This is how to do Fisher’s exact test. First construct a 2x2 contingency table (this is a perfect result for the lady drinking tea)
(C = matrix(c(4,0,0,4), 2, 2))
## [,1] [,2]
## [1,] 4 0
## [2,] 0 4
Now run Fisher’s test on the table. alternative = “greater” option means that we are testing the probability of getting an equal or even better table by random luck (i.e., one with higher numbers on the diagonal of the table)

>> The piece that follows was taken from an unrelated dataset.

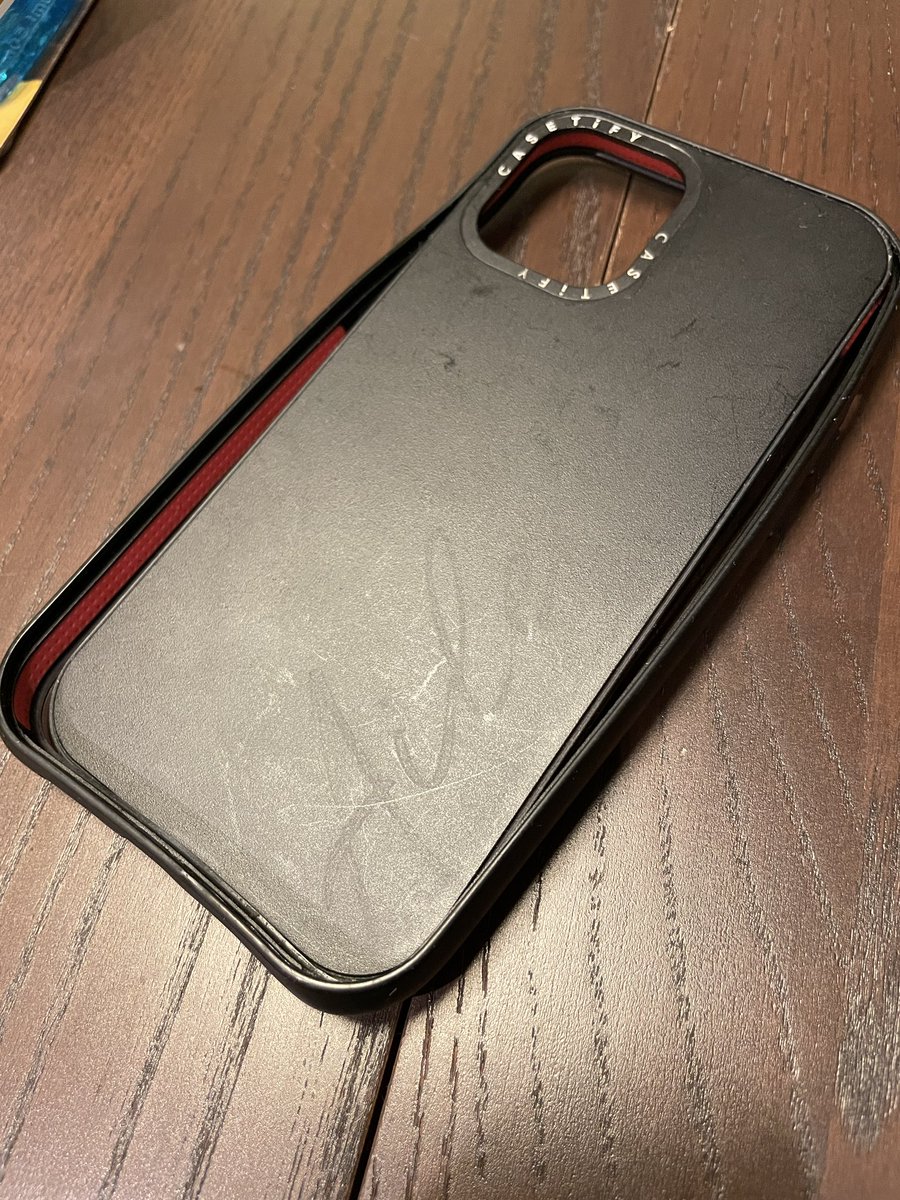 My Casetify experience…went to the boutique at Landmark HK and showed them my wife’s phonecase is falling apart after 1+ year, They told me nothing can be done after 6 months. Beware of the quality if you decide to pay top dollar! #BoredApeYachtClub #BAYC #casetify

fisher.test(C, alternative = "greater")
##
## Fisher's Exact Test for Count Data
##
## data: C
## p-value = 0.01429
## alternative hypothesis: true odds ratio is greater than 1
## 95 percent confidence interval:
## 2.003768 Inf
## sample estimates:
## odds ratio
## Inf
Notice this is the same as the probability of getting exactly this table by random luck, because there is no better table. There are “8 choose 4” possible guesses, so the probability of the correct guess is:
(p = 1 / choose(8, 4))
## [1] 0.01428571
Now try if she misclassifies two cups
(C = matrix(c(3,1,1,3), 2, 2))
## [,1] [,2]
## [1,] 3 1
## [2,] 1 3
fisher.test(C, alternative = "greater")
##
## Fisher's Exact Test for Count Data
##
## data: C
## p-value = 0.2429
## alternative hypothesis: true odds ratio is greater than 1
## 95 percent confidence interval:
## 0.3135693 Inf
## sample estimates:
## odds ratio
## 6.408309
And now 4 misclassified cups
(C = matrix(c(2,2,2,2), 2, 2))
## [,1] [,2]
## [1,] 2 2
## [2,] 2 2
fisher.test(C, alternative = "greater")
##
## Fisher's Exact Test for Count Data
##
## data: C
## p-value = 0.7571
## alternative hypothesis: true odds ratio is greater than 1
## 95 percent confidence interval:
## 0.05093776 Inf
## sample estimates:
## odds ratio
## 1
Notice this is just \(1 - p\), where \(p\) was the probability above of a perfect answer This is because there is exactly one combination that is worse
(C = matrix(c(1,3,3,1), 2, 2))
## [,1] [,2]
## [1,] 1 3
## [2,] 3 1
fisher.test(C, alternative = "greater")
##
## Fisher's Exact Test for Count Data
##
## data: C
## p-value = 0.9857
## alternative hypothesis: true odds ratio is greater than 1
## 95 percent confidence interval:
## 0.00326534 Inf
## sample estimates:
## odds ratio
## 0.156047
Everything wrong! Notice the probability of doing this well or better is 1.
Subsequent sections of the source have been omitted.